第二章 ーschwarzesmarkenー 大怪獣空中決戦
プロローグ Der Anfang


 

 人類に敵対的な異星起源生命体、BETA。人類とかの存在との生命の存続を掛けた戦いは、1967年の第一次月面戦争の頃にまで遡る。

 圧倒的な物量差と月面という地球からの補給を受ける事が最も困難な場所での戦い等の幾多の人類にとって不利な条件が重なり続け、結果的に人類は月面基地を放棄、月面でのBETAとの初戦闘は敗北という結果に終わった。

 しかし、BETAとの戦いはまだ始まりに過ぎなかった。1973年、中華人民共和国新疆ウイグル自治区カシュガルにBETA降着ユニット、後にオリジナルハイヴと呼ばれる物体が月面より飛来。ついに地球におけるBETAと人類との戦争が始まった。

 大戦初期はBETAの物量差も関係ない航空爆撃機による絨毯爆撃により人類は優位を保っていた。対空兵力と航空兵力を持たないBETAは航空機を撃墜する事も爆撃を防ぐ事も出来ず、ただ一方的に蹂躙されるのみであった。

 この時は人類も、この戦いは直ぐに決着がつく、BETAなど大したことがないと楽観視していた。少なくとも地球上で戦う分には人類の勝利は疑い様がない、と。

が、その勝利への確信は二週間後、新種のBETA光線属種の出現によって突如として崩れ去る事となった。

 380㎞離れた高度一万m先の飛翔体を的確に捕捉可能、そして一度狙われたならばほぼ100%命中する脅威の命中率を誇るレーザーという武器の前に、人類の航空戦力は一瞬で無力化され、制空権は完全にBETAに奪われる結果となってしまう。

 新たなる戦力である光線属種、そしてその圧倒的物量で人類を一蹴したBETAは、ついにカシュガルハイヴから他の地への侵攻を開始した。

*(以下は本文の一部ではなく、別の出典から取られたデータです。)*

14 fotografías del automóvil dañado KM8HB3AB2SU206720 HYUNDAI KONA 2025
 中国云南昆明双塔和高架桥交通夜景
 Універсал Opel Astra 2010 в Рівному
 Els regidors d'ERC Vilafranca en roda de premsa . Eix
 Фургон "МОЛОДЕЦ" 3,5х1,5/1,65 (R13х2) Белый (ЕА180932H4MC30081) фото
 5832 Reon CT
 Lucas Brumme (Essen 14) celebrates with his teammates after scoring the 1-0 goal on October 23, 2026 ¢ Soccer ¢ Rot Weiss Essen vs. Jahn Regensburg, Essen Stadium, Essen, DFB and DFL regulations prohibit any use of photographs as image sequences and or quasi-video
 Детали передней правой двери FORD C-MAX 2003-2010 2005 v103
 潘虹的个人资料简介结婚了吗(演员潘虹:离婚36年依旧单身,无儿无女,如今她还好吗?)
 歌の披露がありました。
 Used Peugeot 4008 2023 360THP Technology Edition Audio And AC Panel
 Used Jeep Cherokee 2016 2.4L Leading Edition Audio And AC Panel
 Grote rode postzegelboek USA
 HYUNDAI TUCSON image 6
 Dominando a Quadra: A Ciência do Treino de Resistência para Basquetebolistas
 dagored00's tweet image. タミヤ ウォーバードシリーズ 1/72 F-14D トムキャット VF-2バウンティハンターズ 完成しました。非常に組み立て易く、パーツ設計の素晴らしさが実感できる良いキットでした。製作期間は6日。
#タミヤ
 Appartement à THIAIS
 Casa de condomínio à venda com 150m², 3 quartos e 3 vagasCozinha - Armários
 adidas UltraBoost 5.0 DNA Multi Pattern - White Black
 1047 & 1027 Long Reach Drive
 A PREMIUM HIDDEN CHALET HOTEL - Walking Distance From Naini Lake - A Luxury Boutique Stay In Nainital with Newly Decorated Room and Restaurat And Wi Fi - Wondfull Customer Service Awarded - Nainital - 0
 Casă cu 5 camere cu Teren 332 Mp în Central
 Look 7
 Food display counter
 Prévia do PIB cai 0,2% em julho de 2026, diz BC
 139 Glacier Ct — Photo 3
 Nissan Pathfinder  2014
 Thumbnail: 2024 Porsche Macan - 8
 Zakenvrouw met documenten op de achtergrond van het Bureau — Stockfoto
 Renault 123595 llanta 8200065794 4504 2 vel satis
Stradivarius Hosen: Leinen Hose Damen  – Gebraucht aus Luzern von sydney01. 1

 倒せども倒せども湧き出るその圧倒的な物量、そしてレーザーによる航空兵力の無力化により、BETAの侵攻を食い止めようと試みた人類軍は次々と敗退、敗走を繰り返し、ついにはBETAによって故郷を、故国をも蹂躙され、食い荒らされる事となった。

 そしてBETAは蹂躙、征服した地へとまるで記念碑を建てるかのように己らの拠点である“ハイヴ”を建造していった。

 ハイヴ、それはカシュガルへと落下した“オリジナルハイヴ”から始まるBETAの地球侵略の為の前線基地であり、エネルギー補給のための拠点でもある場所、故に人類にとってBETAとの戦いに勝利するためにも必ずや攻略せねばならない場所であった。

 だが、ハイヴを守護するBETAの無限とも言うべき肉の城壁、鳥一匹すらも逃しはしないレーザーによる絶対防空能力により、人類は未だにハイヴを何一つ落とす事が出来ずにいる。それ以前に地球外生命体に侵略されつつあるという危機的状況の中、それでもなお国家の利益を追求し一致団結してBETAと戦う事が出来ずにおり、結果として人類はBETAの拠点を落とすどころか逆に奴らの侵攻を止めることすらできずにただただ無駄に犠牲を増やし、国土を蹂躙される憂き目に遭っている。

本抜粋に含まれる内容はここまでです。